Non c'è alcun difetto assoluto di giurisdizione o "invasione di campo" del potere giurisdizionale in quello legislativo

di Pietro Alessio Palumbo

Secondo le Sezioni Unite della Suprema Corte (ordinanza n. 36373/2021) è risarcibile il danno da allestimento di un atto legislativo ovvero da mancato ritiro o stralcio dello stesso da parte delle autorità preposte. Nessun difetto assoluto di giurisdizione o "invasione di campo" del potere giurisdizionale in quello legislativo quando il bene della vita dedotto in giudizio attenga propriamente al pregiudizio derivato dalla predisposizione e presentazione di un Dld di bilancio poi approvato, o dal mancato adoperarsi delle autorità preposte per la sua successiva rimozione o modifica.
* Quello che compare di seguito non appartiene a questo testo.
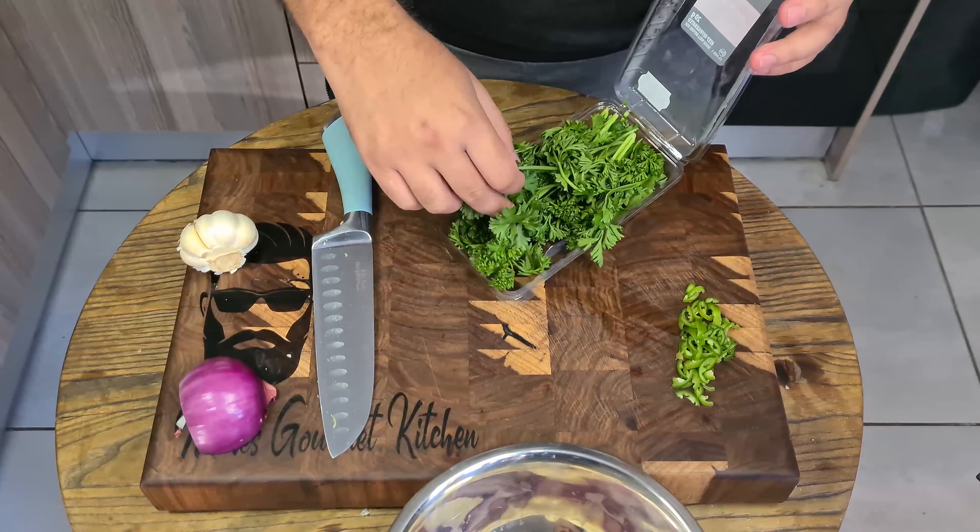And there we go. Now for the best part of the video — let's pull it off the grill and give it a taste. Smells absolutely amazing.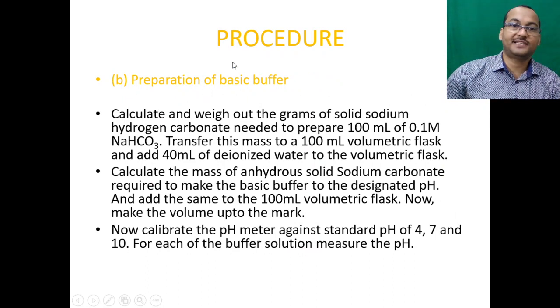For the basic buffer, calculate and weigh the grams of sodium hydrogen carbonate needed to prepare 100 ml of 0.1 molar sodium bicarbonate, then transfer this to a 100 ml volumetric flask and add 40 ml of water. Calculate the amount of anhydrous sodium carbonate required to achieve the designated pH, add it to the volumetric flask, and make up the volume to the mark. Finally, calibrate the pH meter against standard buffer tablets at pH 4, 7, and 10, and measure the pH of each buffer solution.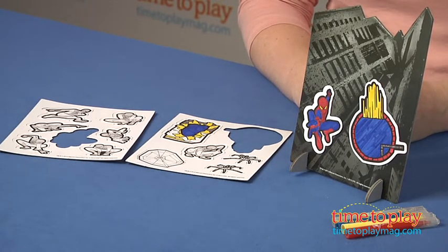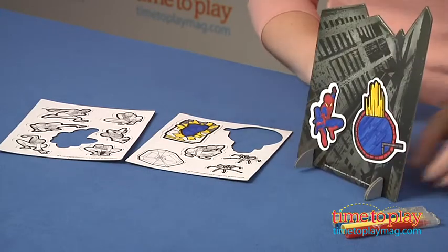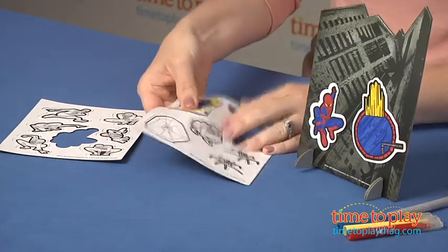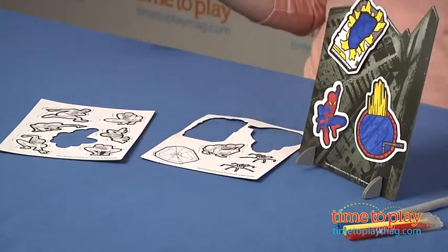There are no instructions, but it's pretty self-explanatory. You just attach the two stands to the bottom of the play scene so it stands up on its own. Then you color in the magnets — we've already started one here. After you've finished coloring, you just pop them right out and stick them to the play scene.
In tal caso – accenta la Corte - non è minimante in discussione l'accertamento del regime fiscale in sé considerato; deriva che l'azione in argomento postula la giurisdizione del giudice ordinario quale giudice naturale dei diritti fondamentali; senza alcuna interferenza con potestà riservate.

Il caso esaminato
L'azione giudiziaria veniva promossa da alcuni avvocati e commercialisti tutti liberi professionisti e dipendenti pubblici con qualifica di docenti di scuola superiore. Come conseguenza dell'emanata legge di bilancio per il 2020 agivano contro la Presidenza del Consiglio dei ministri, il Ministero dell'economia e delle finanze e l'Agenzia delle entrate, per sentir dichiarare lesi i propri diritti di eguaglianza, non discriminazione e pari contribuzione a parità di reddito. Una illegittimità a loro dire contrastante col Trattato UE, con la Carta fondamentale dei diritti UE, con le previsioni della Carta delle nazioni unite, col protocollo 12 della CEDU e con le norme del Patto internazionale dei diritti civili e politici di New York. L'avvocatura generale dello Stato, in rappresentanza di tutti gli enti evocati, resisteva invocando il difetto assoluto di giurisdizione.
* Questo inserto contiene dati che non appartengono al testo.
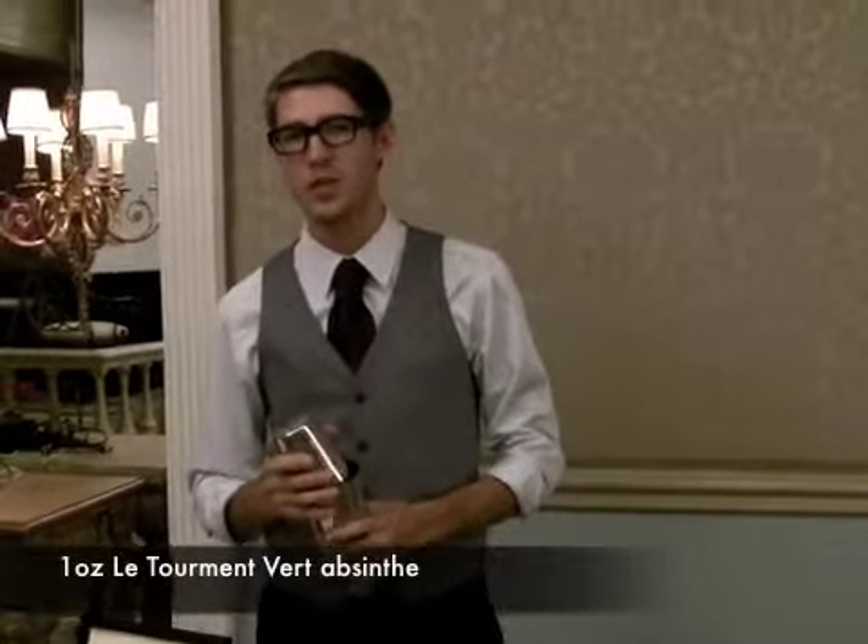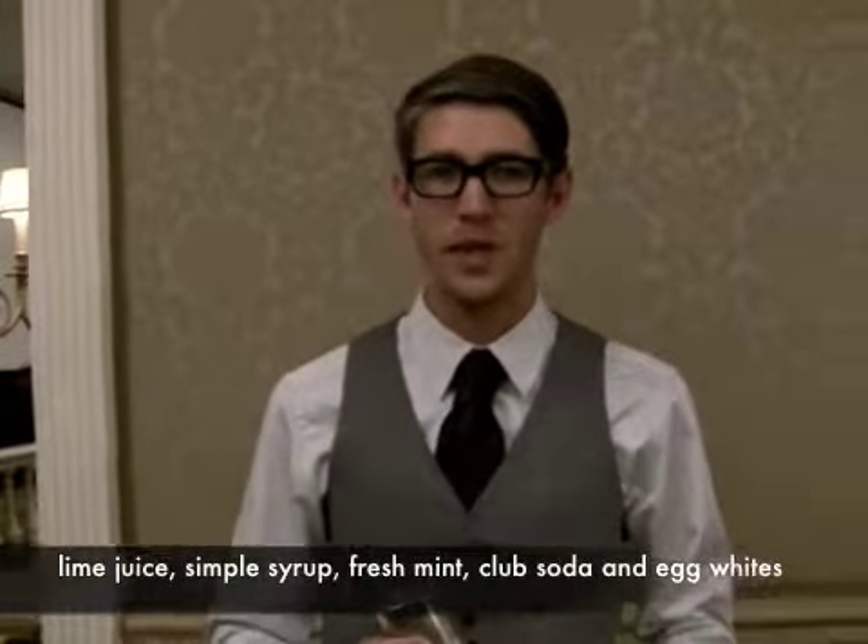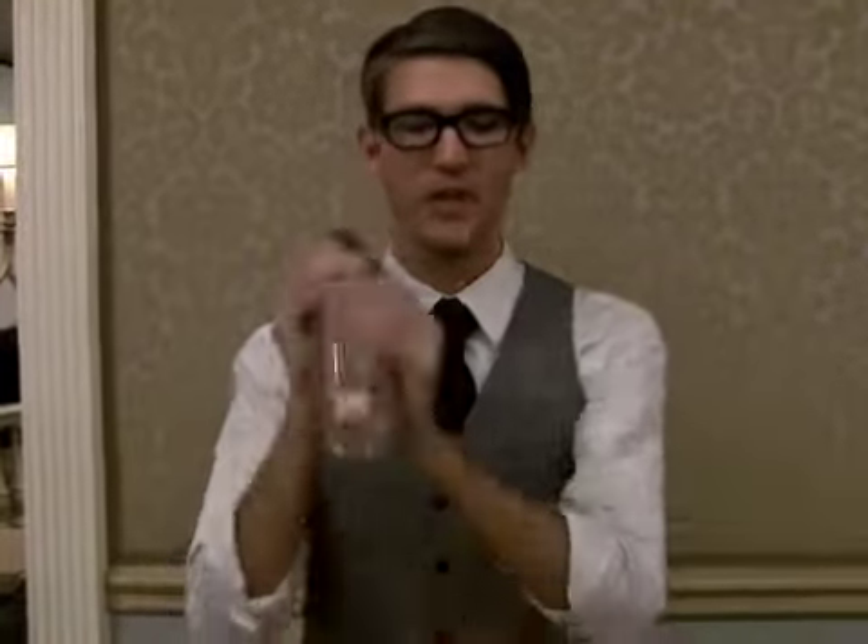I'm making a 6-3-5, which is one ounce of fermenter and absinthe, one ounce of gin, lime juice, simple syrup, fresh mint, plum soda, and egg white. I'm going to give it a good shake here.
La posizione della Cassazione
La Suprema Corte ha evidenziato che l'oggetto del giudizio come prospettato dai ricorrenti non è incentrato sul tributo; il vero e unico oggetto del giudizio è la pretesa risarcitoria; per ciò stesso non è richiamabile il concetto di difetto assoluto di giurisdizione.
Quando la controversia riguarda i fondamenti di una pretesa risarcitoria, per definizione, la lite appartiene alla materia dei diritti soggettivi; a fronte di diritti fondamentali, costituzionalmente protetti, non può mai escludersi il diritto di azione, anche se la lesione sia paventata come dipendente dall'esercizio illegittimo di una potestà pubblica, o dalla predisposizione, presentazione, o mancata modifica di un atto legislativo. Proprio come nella vicenda di specie.
Secondo la Cassazione una domanda quale quella in analisi non è suscettibile di esser considerata improponibile per ragione di materia o di regolamentazione normativa. Tale ipotesi è configurabile quando la domanda giudiziaria non sia conoscibile da alcun giudice, sicché quest'ultimo è tenuto ad "arretrare" rispetto a una materia non oggetto di sua cognizione. Ma la fattispecie in analisi esula dalla descritta ipotesi; è in discussione l'azione risarcitoria comune avente base nell'articolo 2043 cod. civ. in sé considerato. E i fondamenti di tale azione presuppongono sempre una valutazione in concreto che solo il giudice dei diritti è legittimato a svolgere. L'azione non può dirsi esclusa nemmeno evocando la natura "politica" dell'atto legislativo, essendo nella specie rivolta ai promotori dell'atto ossia alla Presidenza del Consiglio dei ministri, al ministero dell'Economia e all'Agenzia delle entrate. Gli attori asserivano che la normativa era loro lesiva per la derivante disciplina; non avevano messo in discussione in alcun modo l'attribuzione dell'atto alla relativa potestà. In altri termini i ricorrenti non avevano chiesto che il giudice con una sorta di incursione in diverso potere sindacasse come giusta o errata la maniera di esercizio della potestà in parola; avevano piuttosto dedotto che la normativa della legge di bilancio, ove non disapplicata, avrebbe sortito effetti costituzionalmente illegittimi e certo in contrasto col diritto comunitario. In questa prospettiva gli attori asserivano il diritto al risarcimento del danno da illecito civile nei confronti delle autorità che di quella legge di bilancio avevano curato la presentazione e concorso all'approvazione.
Dal che per le Sezioni Unite nessun dubbio: con la domanda il giudice non è stato interpellato per "impadronirsi" di una funzione sovrana altrui ma, legittimamente, per vagliare un (possibile) illecito civile.